Ray’s memoir begins with his ruminations on his ancestors, and proceeds to build-up to struggles and disconcerting experiences that he had to undergo in his attempts to make Pather Panchali, and the subsequent struggles to follow in his early career. But what interested me the most, when I picked up the book, I just happened to come across at my local newspaper vendor was the preface to the memoir. The first lines in Bijoya Ray’s preface caught my eye immediately:

“The final draft of My Years With Apu was stolen when my husband was in the nursing home fighting for his life.” 
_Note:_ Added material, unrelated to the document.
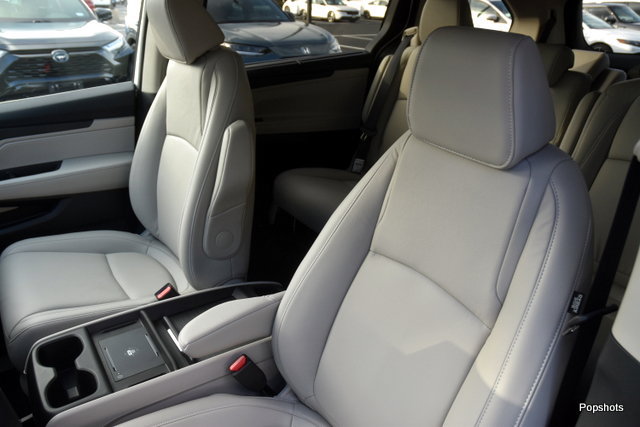 New 2026 Honda Odyssey EX-L image 8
The book that we see in front of us was painstakingly reconstructed over a span of two years by Bijoya Ray, who scoured endless documents, scripts, and notebooks, scattered around the house, after finding the first draft of his memoir a few weeks after his passing away. But she seems to lament at the fact that she could not get the “final draft”, the draft that “would have been a joy to read in his wonderfully lucid, polished and impeccable English”, the draft that was stolen from his bedside table. It’s true that there are several leaps one makes in the narrative of this memoir, one narrative flowing into the other seemingly disconnected one with a break of an asterix, but the movements feel strong and completely cohesive. There are several carefully curated photographs at the center of this book, which seem to anchor the characters, and people one encounters in Ray’s narrative, and they bring a certain sense of familiarity that only good writers can achieve. One is very used to conspiracy theories regarding Ray, his writing of the script for The Alien based on the story he had published in the children’s magazine Sandesh which would be passed on from one Hollywood studio to the next, and eventually become Steven Spielberg’s ET, being another one. But this one, of the existence of a final draft of Ray’s memoir excited me like nothing else, before I moved on from the preface to the main body of the text, as it were. His words, however, sucked me in. This memoir, strangely enough, reads like a thriller. From his encounters with fellow like-minded film buffs in Calcutta of the ‘50s to encountering Jean Renoir, to looking for funding for his films, each meeting, each encounter breaks the mould of mundanity and lends itself to an almost palpable suspense like trajectory. I knew the Apu films were eventually made, I did grow up watching Ray’s films, but how he made them, gave it an air of an acrobat walking the tightrope, one wrong gesture could’ve meant disaster. This is the sense of the fantastic that one gets from his writing. But isn’t this life itself? Each step one takes could mean eventual disaster, but one walks on nonetheless, as long as each step gives the one walking satisfaction, a sense of doing what feels right, instead of the obverse? One would only be able to judge, in retrospect. 

In incredibly simple terms, this book takes the reader through the journey of the filmmaking processes behind some of the most iconic cinematic experiences to come out of what we now tend to call “Indian Cinema”, and in that sense it is indeed a wonderful addition to the history of the evolution of said cinema. In another way, this is very clearly a behind the curtain look at the director Satyajit Ray’s legacy, brought to the fore by his wife. But the idea of the memoir in all of this is what interests me the most. The ‘I’, rather than the ‘My’ in the title, brings together the hopes and insecurities of every person who is scared to pursue their hidden ambitions, and it is the ‘I’, therefore, of a Satyajit Ray no less, that lends strength, to not just the budding filmmaker, just starting out, but every person who resolves to leave their nine to five workplaces, and follow their passions to the ends of the Earth, and even beyond. 

The choice of compromises he, both, made and didn’t, shape the Ray we know of today, but what felt important to him was trying, at the very least to follow his dreams: “If it (his dream of being a filmmaker) didn’t work, I could get back to my desk at Keymer’s, tail between my legs. But if it did work, there would be not stopping me. The question was how to go about it.” This is the memoir of a man, who did not go back.